Apollo – God of Healing, Music and the Sun

Copy of the Apollo Belvedere (2nd century CE)
Apollo’s cult in Rome
In both the Roman and Hellenic pantheons Apollo is the God of healing (and illness), light, music, poetry and prophecy. The ancients often identified Apollo with the sun itself and thereby twinned with the moon, thus Diana. In this guise he may be known as Sol, Phoebus or Helios. Popular mythology designates him as the son of Jupiter and Latona, though Cicero records that in ancient times there were multiple myths in relation to the Gods – some with which we are no longer familiar.  For example, by one tradition Minerva is the mother of Apollo and by another his father is Vulcan.

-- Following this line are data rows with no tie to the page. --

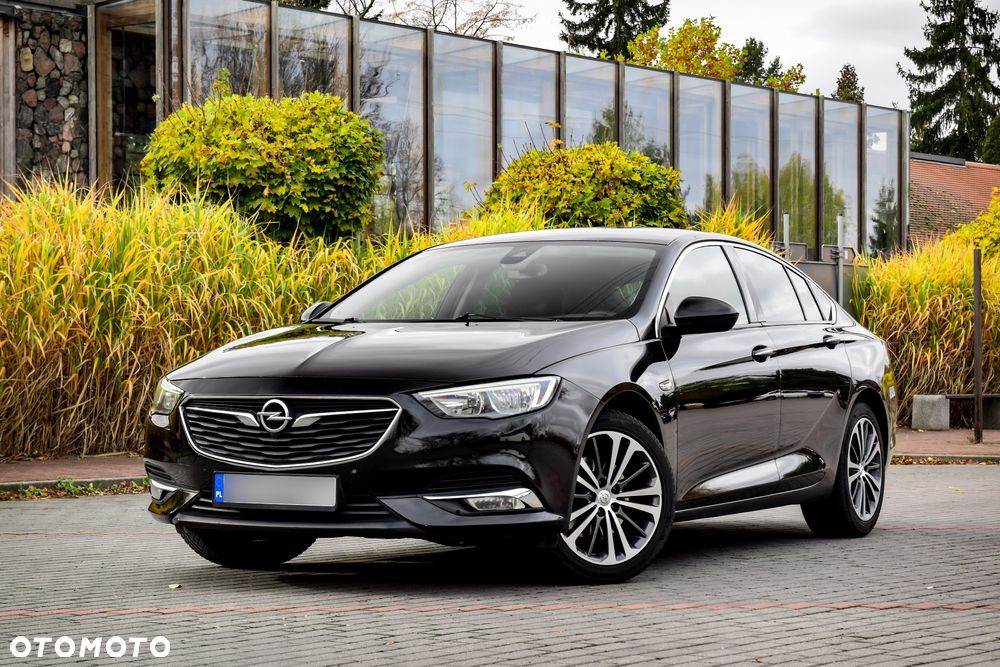 Opel Insignia 1.6 CDTI Innovation S&S - 1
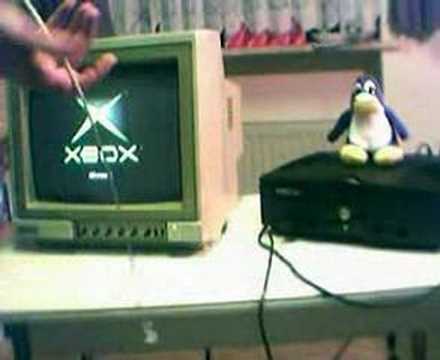 Xbox Linux: Setup of a Linux Computer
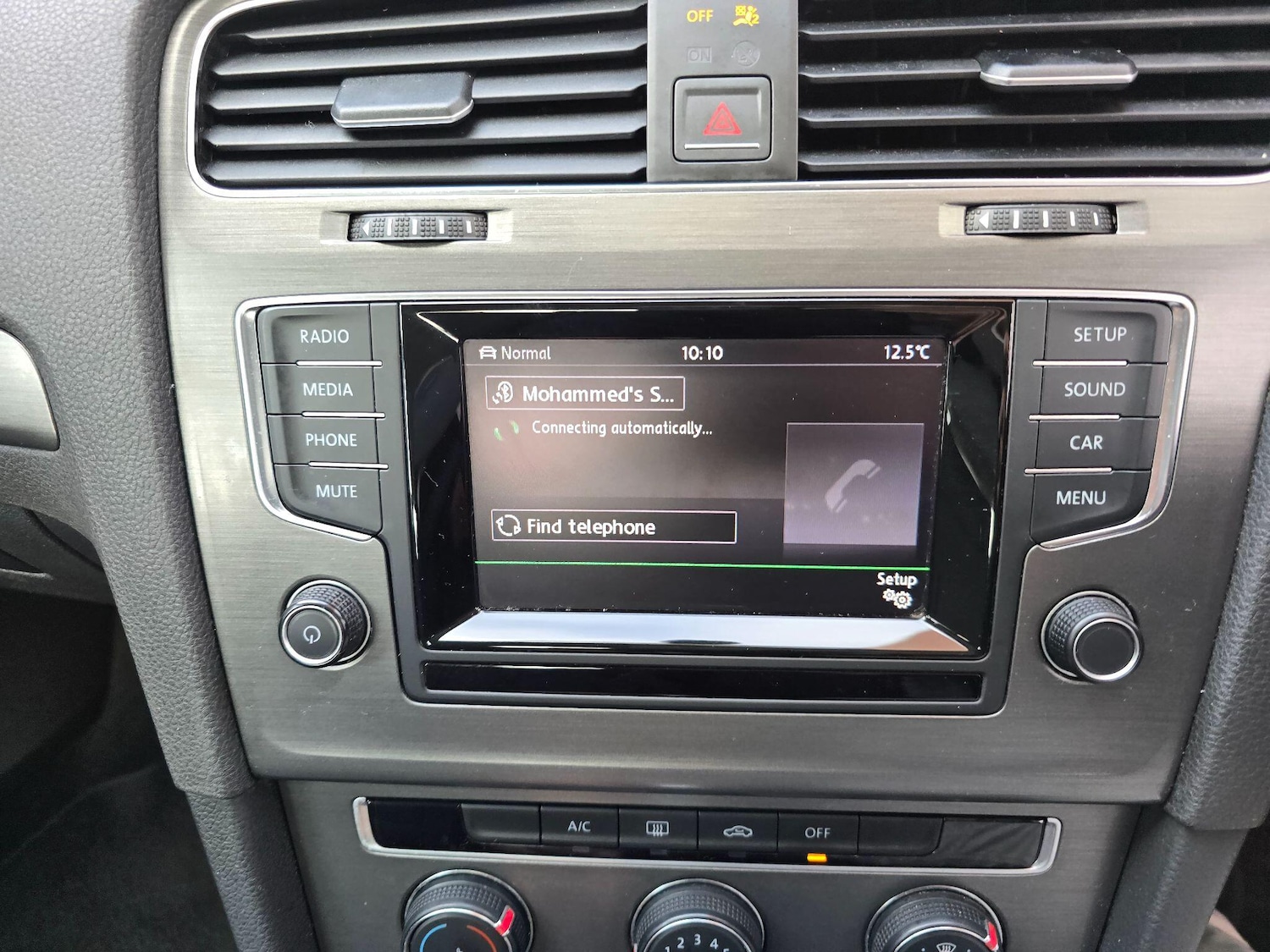 Used Volkswagen Golf 2013 for sale - 76512339: Photo 25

Despite conflicting mythologies, ancient authors agree on his fundamental attributes. Foremost, at least in the Roman pantheon, he is a God associated with healing, good health and protection from disease (Beard et al; Turcan; Warrior). The earliest evidence we have of his worship in Rome dates to the 5th century BCE, when an appeal to heal a pestilence and a vow to honour him with a temple was made – though we know he was worshipped in Pompeii since at least the 6th century BCE. By the 3rd century BCE Ennius listed Apollo as one of the Dii Consentes, ie, one the major Gods of Rome, and coinage bearing his image was minted. His cult became even more celebrated during the reign of Augustus, who especially promoted Apollo, inter alia, by dedicating a magnificent new temple to him on the Palatine Hill where the Sibylline books came to be kept. More than this, Augustus specifically identified himself with Apollo in various ways. When he was a young man he famously dressed as Apollo at a lavish party. In his war with Mark Antony he credited Apollo’s favour as the reason for his victory. A myth even arose that he was the son of the God, as recorded by Suetonius:
“Atia [Augustus’ mother], with certain married women friends, once attended a solemn midnight service at the temple of Apollo, where she had her litter set down and presently fell asleep, as the others also did. Suddenly a serpent crept in to her and after a while glided away again. On awakening, she purified herself as if after sleeping with her husband. An irremovable coloured mark in the shape of a serpent, which then appeared on her body, made her ashamed to visit public baths any more, and the fact that Augustus was born nine months later suggested he was the son of Apollo. Before she gave birth … Augustus’ father [ie, Atia’s husband] Octavius dreamed that the sun rose from her womb [Suetonius, Divus Augustus].”